**Work order:**
What is needed is an exact repeat of the entries, with no pictures in it.

++++ Exercise input

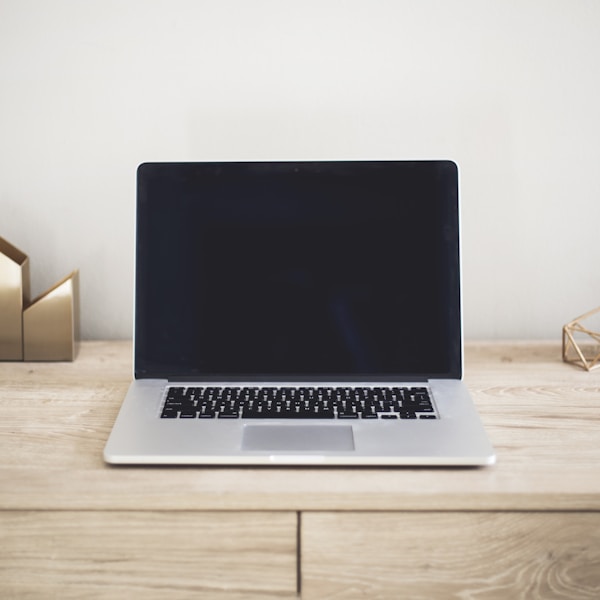 MacBook Pro on top of brown table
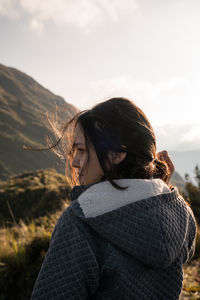 Young woman portrait in the mountains with sunlight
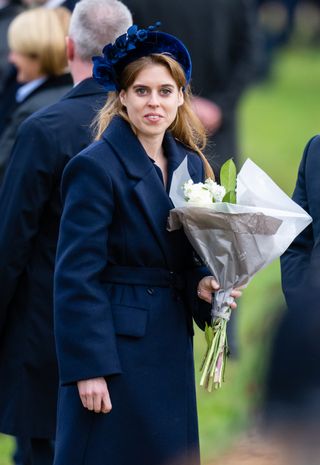 Princess Beatrice wearing a blue coat and holding flowers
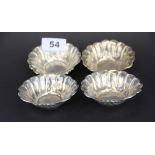 Four stamped silver shell dishes, dia. 8cm.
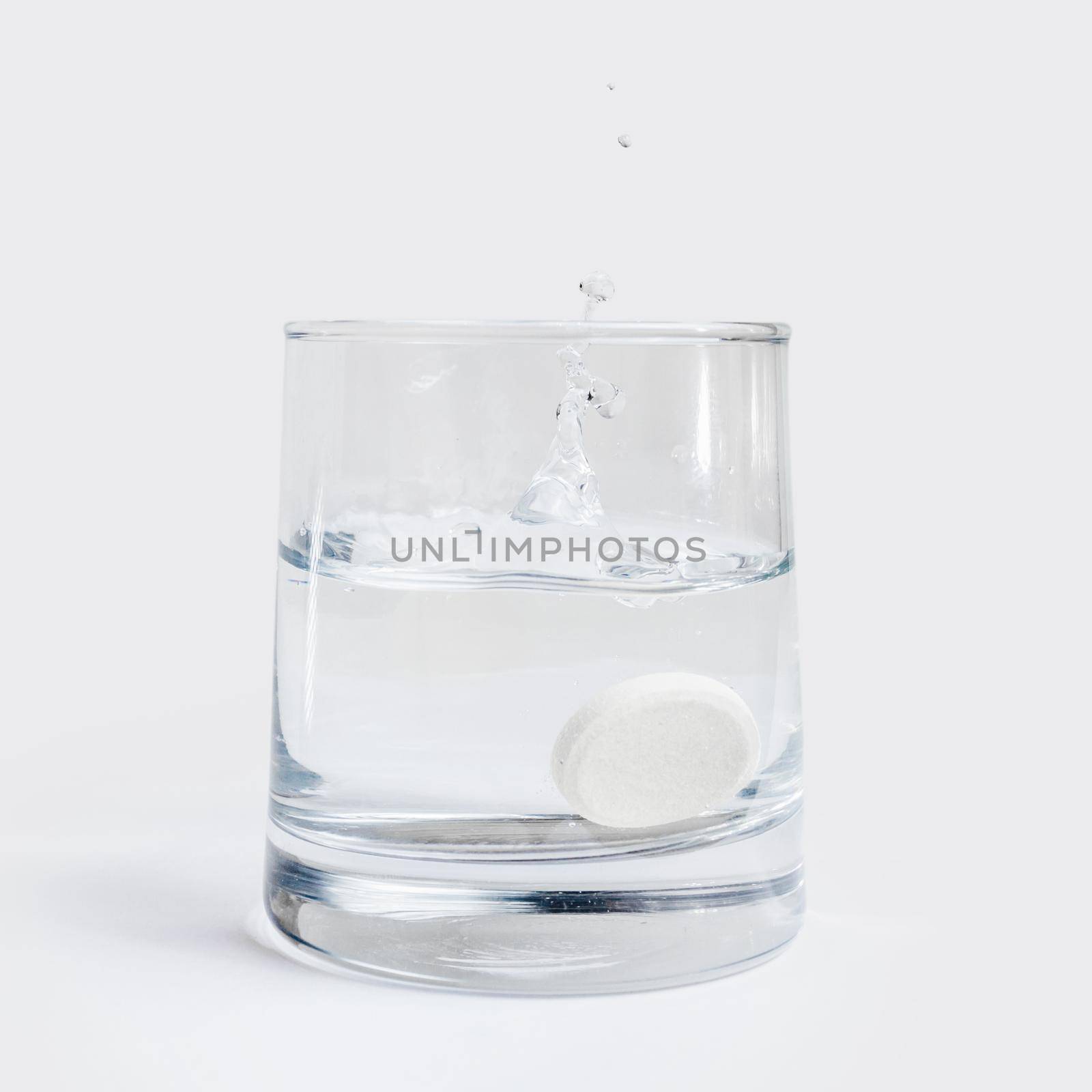Drug dissolved in a glass of water on a white table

++++++++

**Solution for this exercise:**
 MacBook Pro on top of brown table
 Young woman portrait in the mountains with sunlight
 Princess Beatrice wearing a blue coat and holding flowers
 Four stamped silver shell dishes, dia. 8cm.
Drug dissolved in a glass of water on a white table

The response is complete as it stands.